- _WHAT THE TASK REQUIRES_: Transcribe the lines of the records starting with the one that has "HOSTA GUACAMOLE #1" in it and ending with the last, and transcribe nothing else.

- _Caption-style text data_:
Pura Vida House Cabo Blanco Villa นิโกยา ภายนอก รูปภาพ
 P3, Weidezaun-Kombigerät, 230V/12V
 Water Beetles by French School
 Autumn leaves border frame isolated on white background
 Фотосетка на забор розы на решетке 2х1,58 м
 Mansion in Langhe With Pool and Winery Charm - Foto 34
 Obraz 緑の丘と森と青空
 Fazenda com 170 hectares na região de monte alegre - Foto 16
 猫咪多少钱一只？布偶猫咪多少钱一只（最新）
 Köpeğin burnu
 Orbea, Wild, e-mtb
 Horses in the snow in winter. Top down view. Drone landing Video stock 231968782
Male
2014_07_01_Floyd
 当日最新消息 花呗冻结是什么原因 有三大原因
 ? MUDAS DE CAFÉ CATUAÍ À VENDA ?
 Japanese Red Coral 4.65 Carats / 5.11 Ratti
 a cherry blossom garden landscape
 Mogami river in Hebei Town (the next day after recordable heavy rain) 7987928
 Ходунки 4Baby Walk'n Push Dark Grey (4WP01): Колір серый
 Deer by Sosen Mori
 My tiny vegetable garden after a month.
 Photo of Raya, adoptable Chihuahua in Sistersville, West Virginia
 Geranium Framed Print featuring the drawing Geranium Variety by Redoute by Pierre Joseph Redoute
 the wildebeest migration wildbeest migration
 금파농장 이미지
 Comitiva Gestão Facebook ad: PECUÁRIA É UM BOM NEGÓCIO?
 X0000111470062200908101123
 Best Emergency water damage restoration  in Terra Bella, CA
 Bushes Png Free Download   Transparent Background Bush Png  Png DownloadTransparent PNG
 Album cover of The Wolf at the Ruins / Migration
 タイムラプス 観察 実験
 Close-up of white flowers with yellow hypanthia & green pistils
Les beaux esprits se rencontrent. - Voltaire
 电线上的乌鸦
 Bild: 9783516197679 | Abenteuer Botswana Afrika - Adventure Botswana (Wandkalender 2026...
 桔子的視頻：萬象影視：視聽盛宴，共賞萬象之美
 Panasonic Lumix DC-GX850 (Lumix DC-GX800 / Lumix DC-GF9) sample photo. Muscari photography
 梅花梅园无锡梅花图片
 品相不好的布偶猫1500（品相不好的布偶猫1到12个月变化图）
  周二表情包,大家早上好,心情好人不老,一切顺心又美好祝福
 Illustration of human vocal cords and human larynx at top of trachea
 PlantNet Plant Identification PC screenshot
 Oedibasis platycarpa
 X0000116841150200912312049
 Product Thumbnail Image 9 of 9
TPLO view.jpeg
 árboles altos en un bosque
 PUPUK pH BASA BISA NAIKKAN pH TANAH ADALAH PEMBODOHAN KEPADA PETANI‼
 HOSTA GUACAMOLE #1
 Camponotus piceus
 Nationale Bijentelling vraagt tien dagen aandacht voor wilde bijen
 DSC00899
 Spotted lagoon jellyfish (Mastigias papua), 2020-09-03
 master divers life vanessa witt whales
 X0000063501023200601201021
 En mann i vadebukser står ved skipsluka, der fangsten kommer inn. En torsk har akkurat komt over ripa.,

- _EXPECTED ANSWER_:
 HOSTA GUACAMOLE #1
 Camponotus piceus
 Nationale Bijentelling vraagt tien dagen aandacht voor wilde bijen
 DSC00899
 Spotted lagoon jellyfish (Mastigias papua), 2020-09-03
 master divers life vanessa witt whales
 X0000063501023200601201021
 En mann i vadebukser står ved skipsluka, der fangsten kommer inn. En torsk har akkurat komt over ripa.,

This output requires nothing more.